## Instructions to follow:
Find the line below with "(C68) [StrayMoon (Miyama" and the line with "Hermanus Whale Cruises". Output exactly those lines and everything between them, leaving out the pictures.

## Provided records:
^^^^^^^^^^^^^^^^

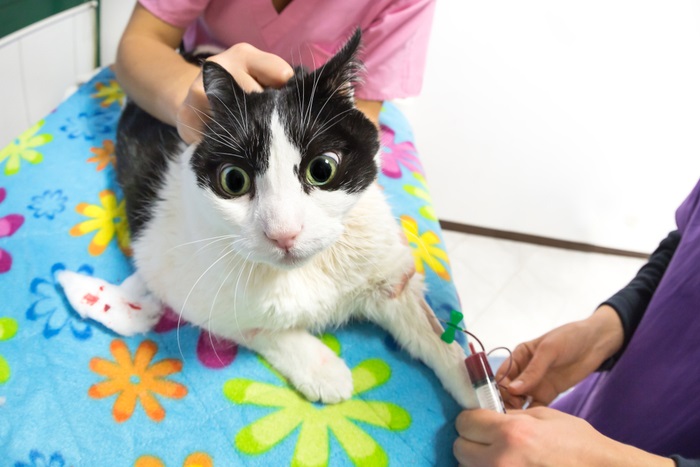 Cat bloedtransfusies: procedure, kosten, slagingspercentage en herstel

^^^^^^^^^^^^^^^^

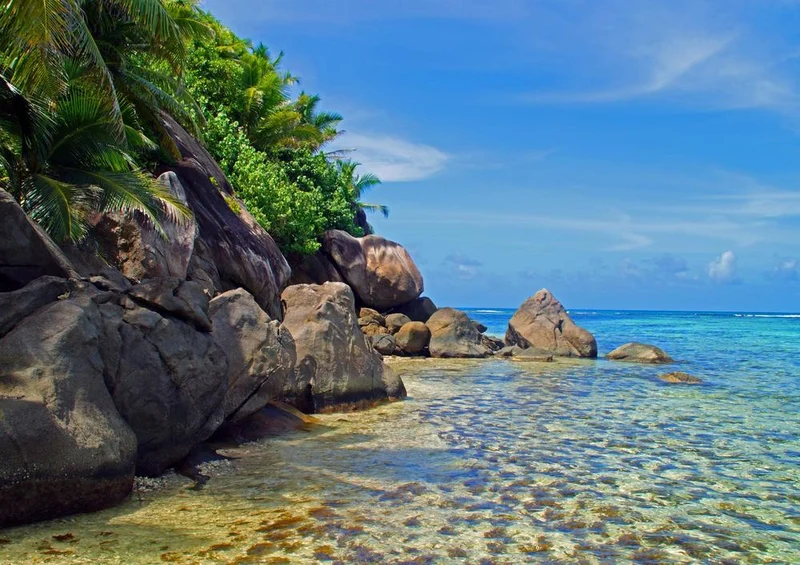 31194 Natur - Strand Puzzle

^^^^^^^^^^^^^^^^

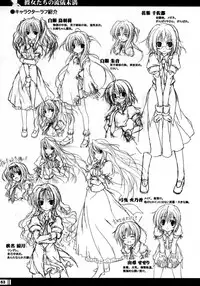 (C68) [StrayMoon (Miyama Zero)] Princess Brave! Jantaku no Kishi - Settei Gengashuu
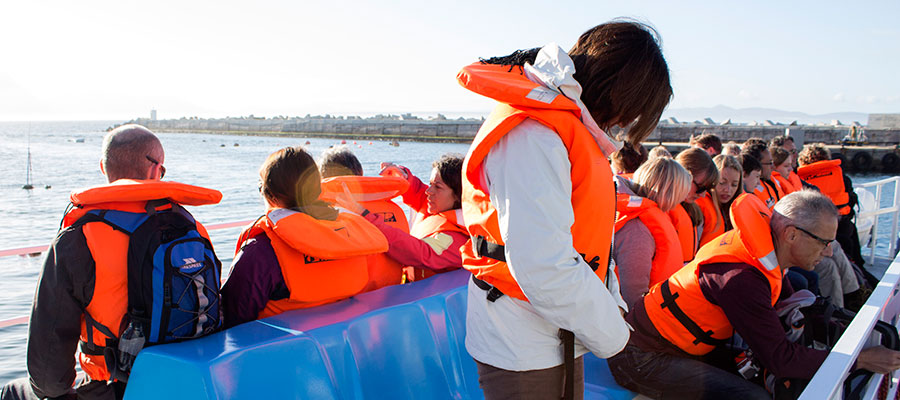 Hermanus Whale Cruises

^^^^^^^^^^^^^^^^

## Solution to this problem:
 (C68) [StrayMoon (Miyama Zero)] Princess Brave! Jantaku no Kishi - Settei Gengashuu
 Hermanus Whale Cruises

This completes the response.